One Chart Shows One Big Problem With Defense Contracting: Competition Is Declining
The department in 2010 began setting goals for awarding more work competitively, but it's never been able to hit its targets.
"Competition is the single best way to motivate contractors to provide the best value," according to the Pentagon's latest annual report on the state of the Defense acquisition system, released in June.
Unfortunately, the Defense Department has been losing ground for the last six years in the percentage of contracted work being let competitively each year. In 2008, 64 percent of Defense contract dollars were spent through competitive awards; by 2013, that rate had fallen to 57 percent.

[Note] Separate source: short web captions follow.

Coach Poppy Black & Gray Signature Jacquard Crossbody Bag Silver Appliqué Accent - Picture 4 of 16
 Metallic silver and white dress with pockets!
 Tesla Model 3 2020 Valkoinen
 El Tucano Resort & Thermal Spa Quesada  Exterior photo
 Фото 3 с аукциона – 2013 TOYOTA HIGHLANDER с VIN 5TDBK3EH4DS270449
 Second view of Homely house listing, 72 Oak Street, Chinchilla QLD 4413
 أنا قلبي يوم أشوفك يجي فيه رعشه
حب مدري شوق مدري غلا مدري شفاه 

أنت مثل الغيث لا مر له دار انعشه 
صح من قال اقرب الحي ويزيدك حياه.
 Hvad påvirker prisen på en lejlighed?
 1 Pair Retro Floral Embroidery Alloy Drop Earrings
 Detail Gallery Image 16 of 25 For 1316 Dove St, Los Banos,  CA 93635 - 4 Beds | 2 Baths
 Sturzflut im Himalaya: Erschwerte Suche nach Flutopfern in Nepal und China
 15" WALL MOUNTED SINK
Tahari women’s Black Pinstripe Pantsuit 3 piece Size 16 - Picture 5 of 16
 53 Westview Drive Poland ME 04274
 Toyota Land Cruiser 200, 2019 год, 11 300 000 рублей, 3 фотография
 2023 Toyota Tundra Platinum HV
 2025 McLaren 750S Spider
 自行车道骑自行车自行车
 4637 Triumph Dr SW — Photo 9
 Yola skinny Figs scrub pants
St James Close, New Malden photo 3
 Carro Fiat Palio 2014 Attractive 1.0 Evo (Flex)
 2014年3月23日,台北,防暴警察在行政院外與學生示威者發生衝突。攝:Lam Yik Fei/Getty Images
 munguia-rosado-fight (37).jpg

"The erosion is not huge, and I believe that decreasing budgets which limit new competitive opportunities are a major root cause," Frank Kendall, the Pentagon's acquisition chief, told members of the Senate Armed Services Committee in April.
In 2010, the department began setting strategic goals to increase the percentage it spends on competitively-awarded contracts. In September of that year, then-Under Secretary of Defense for Acquisition, Technology and Logistics Ashton Carter issued the memorandum "Better Buying Power: Guidance for Obtaining Greater Efficiency and Productivity in Defense Spending," which, among other things, aimed to lower weapons costs by increasing competition. Building on those goals, Kendall, Carter’s successor, launched the Better Buying Power 2.0 initiative two years later.
Despite those efforts and even lowering the goals over time, the Pentagon has never met them.